Exercise goal: All records below are to be duplicated exactly, with every picture excluded.

Segment Start: Data

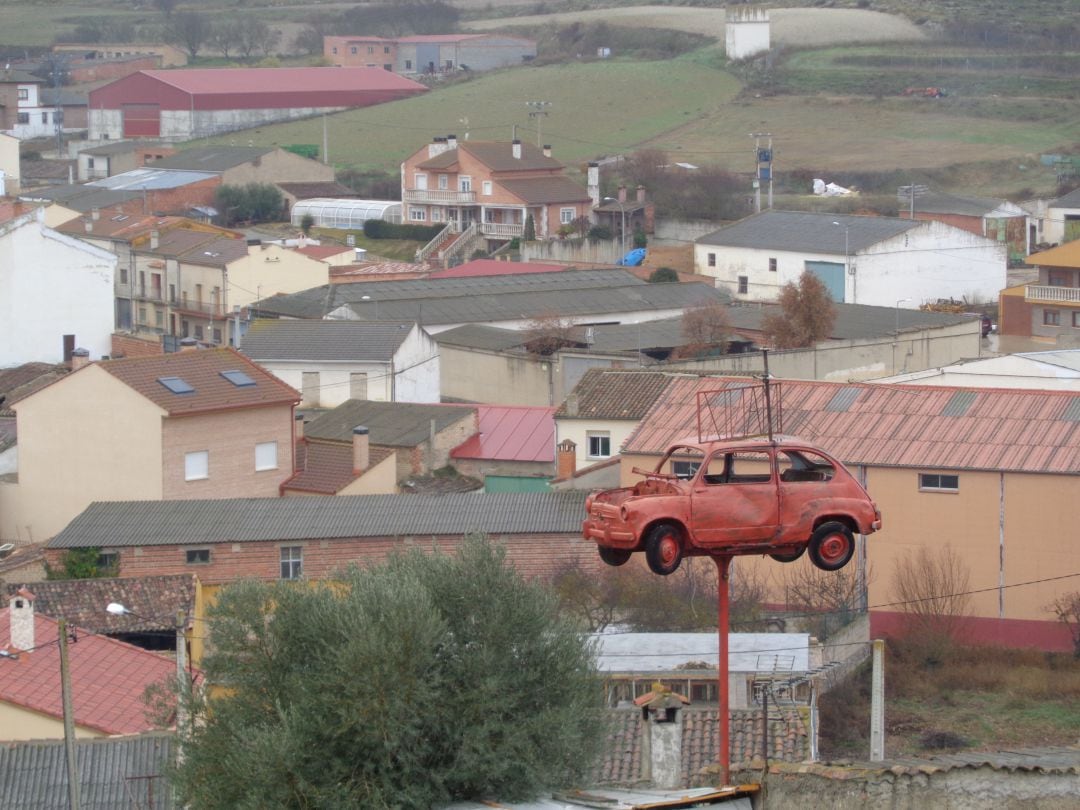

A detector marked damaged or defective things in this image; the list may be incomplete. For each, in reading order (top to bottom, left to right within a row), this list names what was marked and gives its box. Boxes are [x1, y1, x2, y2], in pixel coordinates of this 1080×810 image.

rusty red car [583, 438, 876, 578]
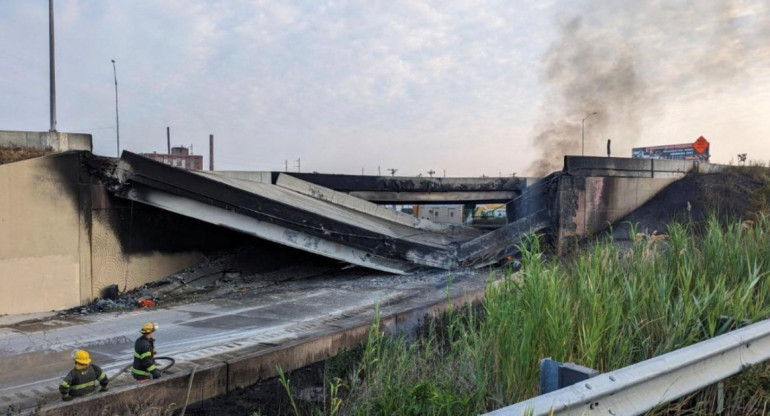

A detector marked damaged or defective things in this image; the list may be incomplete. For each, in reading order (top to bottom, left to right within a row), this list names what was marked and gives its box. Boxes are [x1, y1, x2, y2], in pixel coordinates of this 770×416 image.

charred concrete wall [0, 151, 243, 314]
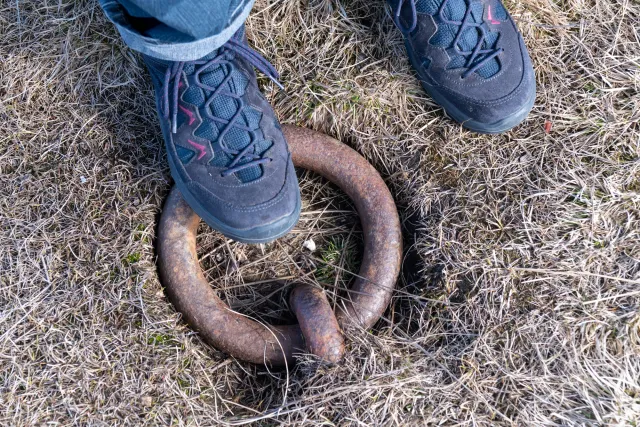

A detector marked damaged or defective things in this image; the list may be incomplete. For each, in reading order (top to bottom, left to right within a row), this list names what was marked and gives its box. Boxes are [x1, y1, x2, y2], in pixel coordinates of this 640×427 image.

rusty iron ring [158, 124, 402, 368]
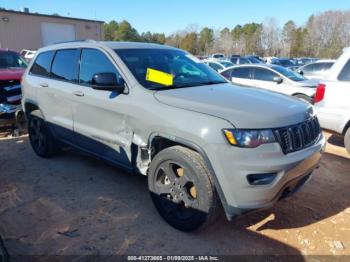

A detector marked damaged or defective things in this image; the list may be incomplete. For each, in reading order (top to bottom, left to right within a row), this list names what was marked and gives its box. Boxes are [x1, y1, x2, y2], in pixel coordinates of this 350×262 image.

damaged front door [72, 48, 133, 169]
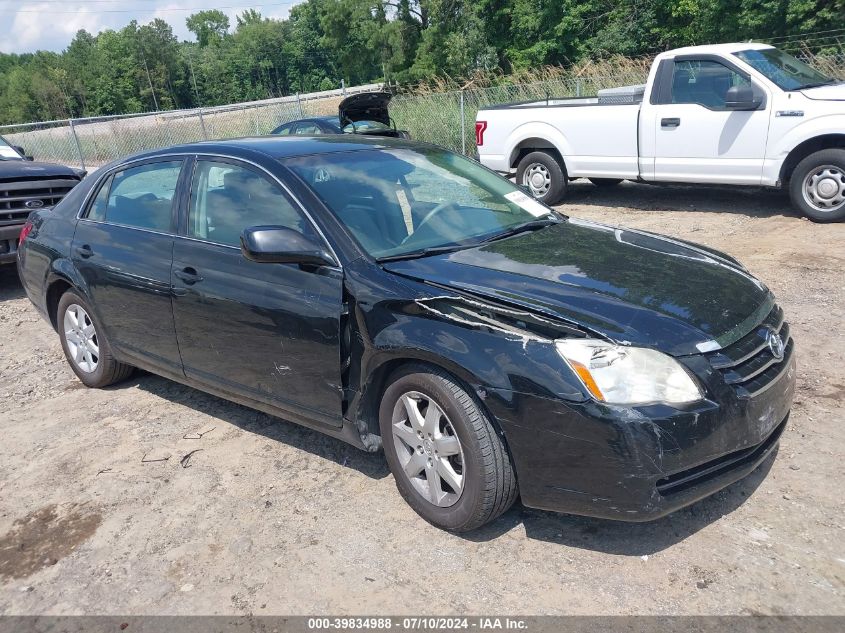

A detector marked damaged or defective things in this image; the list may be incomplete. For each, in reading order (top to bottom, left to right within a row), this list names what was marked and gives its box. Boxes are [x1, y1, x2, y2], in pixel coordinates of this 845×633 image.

cracked headlight [556, 336, 704, 404]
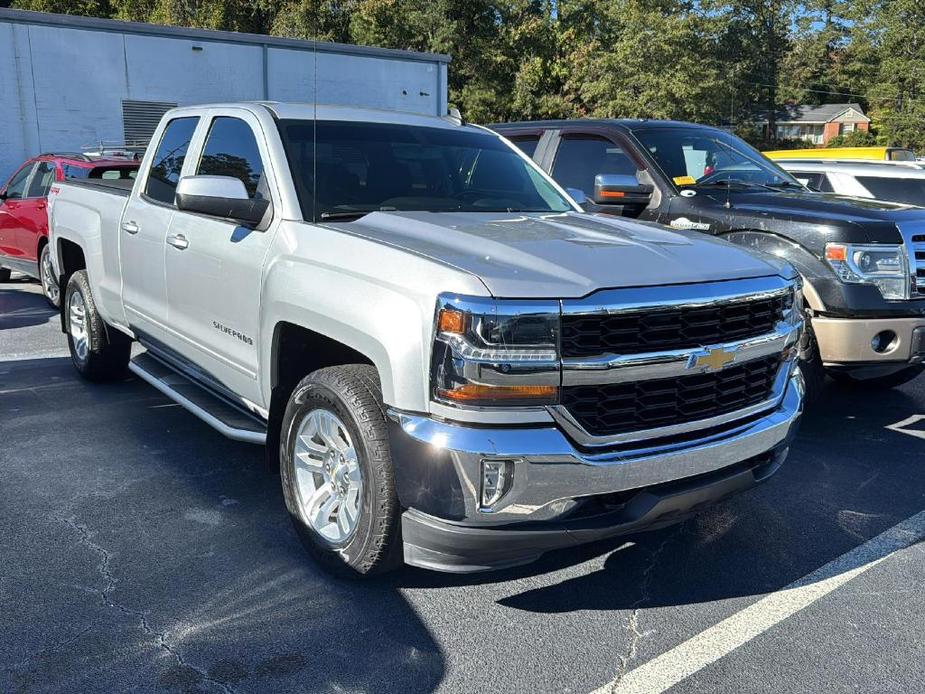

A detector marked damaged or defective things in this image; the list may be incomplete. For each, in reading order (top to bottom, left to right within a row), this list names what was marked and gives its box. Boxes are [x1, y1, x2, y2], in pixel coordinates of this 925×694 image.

cracked pavement [1, 278, 924, 694]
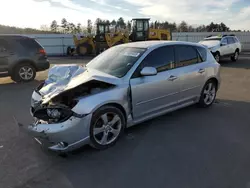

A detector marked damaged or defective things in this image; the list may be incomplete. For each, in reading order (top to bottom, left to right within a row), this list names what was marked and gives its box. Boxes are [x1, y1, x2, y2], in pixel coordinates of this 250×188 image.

dented hood [36, 65, 121, 104]
damaged silver hatchback [22, 41, 221, 153]
crumpled front bumper [16, 113, 93, 153]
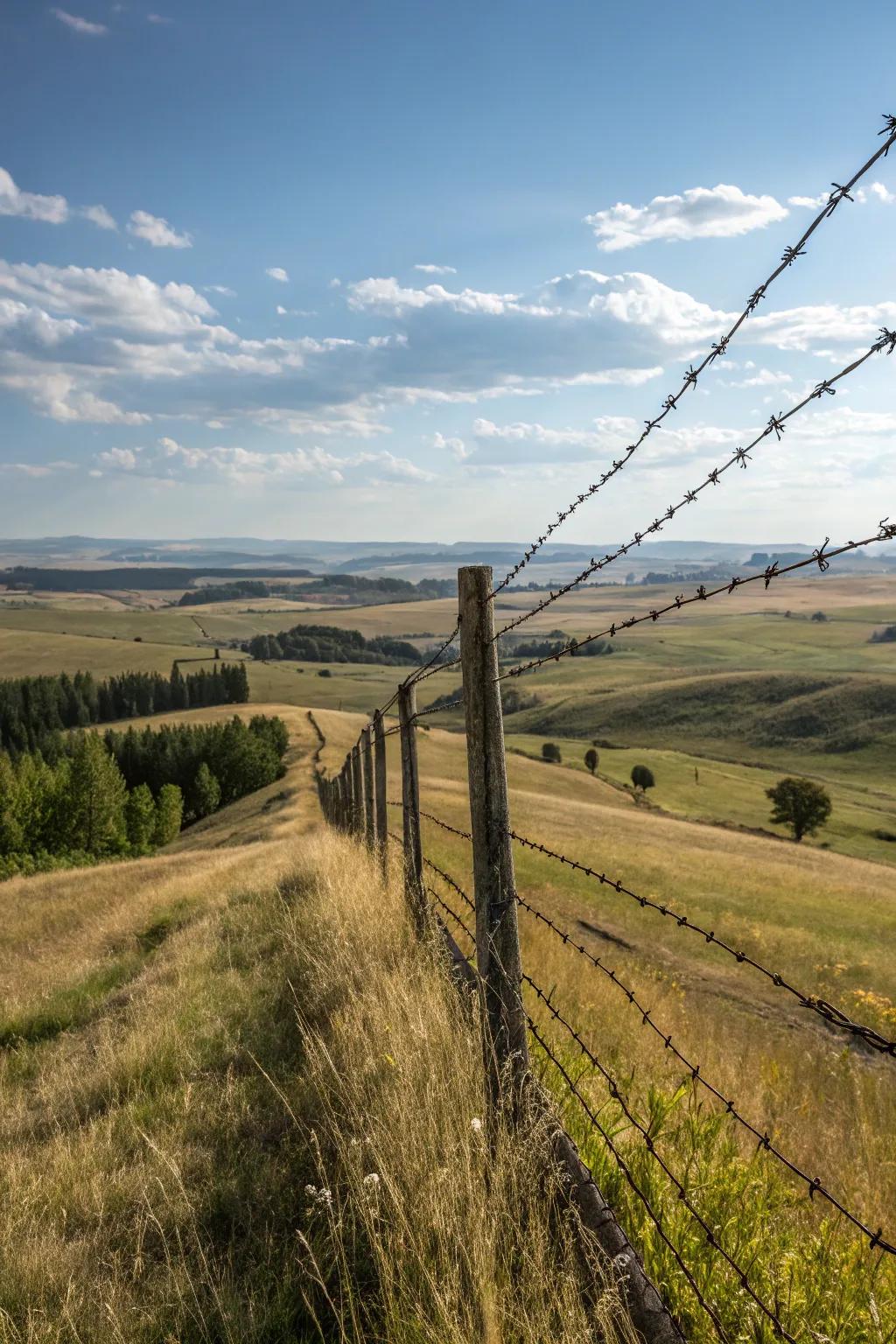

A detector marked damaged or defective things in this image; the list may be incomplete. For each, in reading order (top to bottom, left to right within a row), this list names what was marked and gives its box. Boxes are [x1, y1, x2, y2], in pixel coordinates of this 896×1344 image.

Segment End: Data

Your response:
A detector marked damaged or defective things in this image; the list may be incomplete. For each, in reading order (top to bottom, left to right within a row), this list names what was marked and gives its box. Boxes are [x1, y1, x2, y2], in pixel coordinates of this 1080×810 image.

rusty red car [583, 438, 876, 578]

A detector marked damaged or defective things in this image; the list may be incomplete. For each, in reading order (top to bottom, left to right within a row), this list names what was marked and gives its box. Boxes are [x1, y1, x2, y2], in pixel coordinates of this 770×416 image.

charred concrete wall [0, 151, 243, 314]

A detector marked damaged or defective things in this image; the list may be incomplete. For each, in reading order (top to bottom, left to right within a row), this list names what was marked and gives its box. Boxes are [x1, y1, x2, y2], in pixel coordinates of this 640×427 image.

rusty iron ring [158, 124, 402, 368]

A detector marked damaged or defective things in this image; the list may be incomplete. For each, in reading order (top to bottom, left to right within a row), this list names what was marked and gives its box. Boxes are [x1, y1, x2, y2], in pixel coordinates of this 350×262 image.

damaged front door [72, 48, 133, 169]

A detector marked damaged or defective things in this image; the list may be incomplete. For each, in reading order (top to bottom, left to right within a row), this list names what was marked and gives its box. Boxes are [x1, y1, x2, y2], in pixel coordinates of this 845×633 image.

cracked headlight [556, 336, 704, 404]

A detector marked damaged or defective things in this image; the list may be incomplete. For each, in reading order (top to bottom, left to right within a row), this list names what was marked and gives its box. Boxes are [x1, y1, x2, y2], in pixel coordinates of this 925×694 image.

cracked pavement [1, 278, 924, 694]

A detector marked damaged or defective things in this image; the list may be incomplete. For each, in reading order (top to bottom, left to right within a row), this list names what was marked and gives its box. Boxes are [x1, y1, x2, y2], in pixel coordinates of this 250×188 image.

dented hood [36, 65, 121, 104]
damaged silver hatchback [22, 41, 221, 153]
crumpled front bumper [16, 113, 93, 153]

A detector marked damaged or defective things in this image; the list may be incomplete. For each, in reading order (top to bottom, left to right within a row), this list names what was marked and gives its box. Boxes are [x1, y1, x2, y2], in pixel coordinates of this 896×1344 image.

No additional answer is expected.